Artists generally obliged those parameters — it was, after all, the directive from their employer — but they were also part of an artistic universe that was gravitating toward the avant-garde. The year after the stock market crashed, André Breton in France published his second Manifesto of Surrealism. Artists everywhere, including those collecting paychecks from the U.S. government, found themselves tempted by those European currents, and the results may be found — albeit in smaller numbers — in the Salem show.

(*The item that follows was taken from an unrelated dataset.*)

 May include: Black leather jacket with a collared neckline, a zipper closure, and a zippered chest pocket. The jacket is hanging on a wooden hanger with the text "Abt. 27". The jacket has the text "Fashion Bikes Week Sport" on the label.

The show includes a couple of pieces by Seattle-born Malcolm Roberts, quite obviously smitten with Salvador Dali, including his 1937 lithograph on paper, Lunar Landscape. Oddly, there’s nothing obviously “lunar” about the image; the three figures huddled in the background to the left of a warped wall with bare branches creeping around it might as well be sitting in the Sahara, and what appears to be a full moon can be glimpsed through a passing cloud. Another lithograph, Sarcasm, depicts what appears to be two women dancing, their bodies unnaturally long, crossed at an odd angle.

All this and much more may be seen at the Hallie Ford this month. Timed entry tickets are required and may be purchased online. Museum hours are noon to 5 p.m. Tuesday through Saturday. Also, Forgotten Stories isn’t the only exhibit in town. Upstairs, visitors will find Crow’s Shadow Institute of the Arts Biennial: Part I, a series of prints that will be on display through April 24, and Gold of the Caliphs: Medieval Islamic Coins from the Gary Leiser Collection of the Hallie Ford Museum of Art, which runs through Aug. 14.

Copies of the exhibition catalog, published by the University of Washington in association with the Tacoma Art Museum, are for sale in the lobby. It includes nearly 200 illustrations and features commentary by Bullock and nine other scholars.